— PROVIDED MATERIAL —
= = =
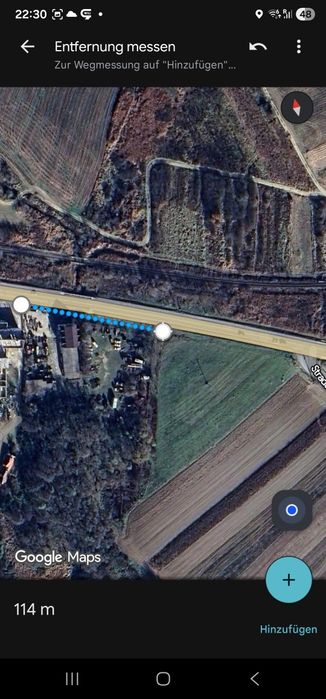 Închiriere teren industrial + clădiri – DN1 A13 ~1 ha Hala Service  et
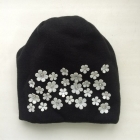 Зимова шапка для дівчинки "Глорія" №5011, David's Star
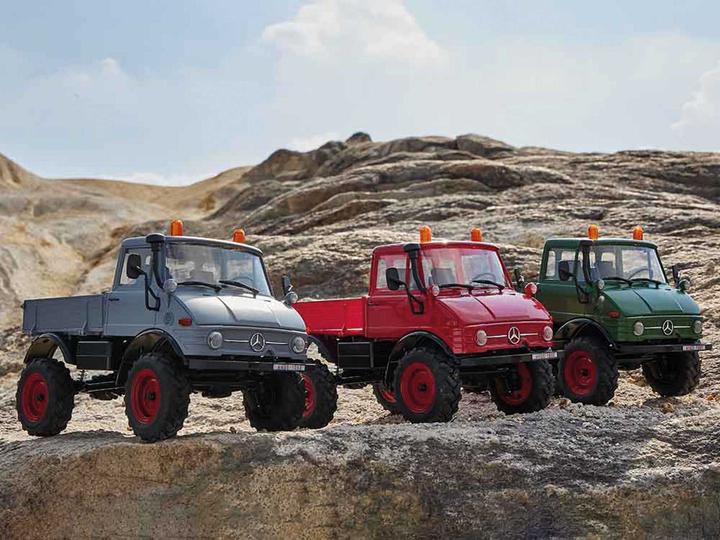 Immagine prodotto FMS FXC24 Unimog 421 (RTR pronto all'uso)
= = =
— ACTIVITY —
Your copy of the listing should match it exactly, apart from the pictures, which are left out.

— SOLUTION FOR THIS PROBLEM —
 Închiriere teren industrial + clădiri – DN1 A13 ~1 ha Hala Service  et
 Зимова шапка для дівчинки "Глорія" №5011, David's Star
 Immagine prodotto FMS FXC24 Unimog 421 (RTR pronto all'uso)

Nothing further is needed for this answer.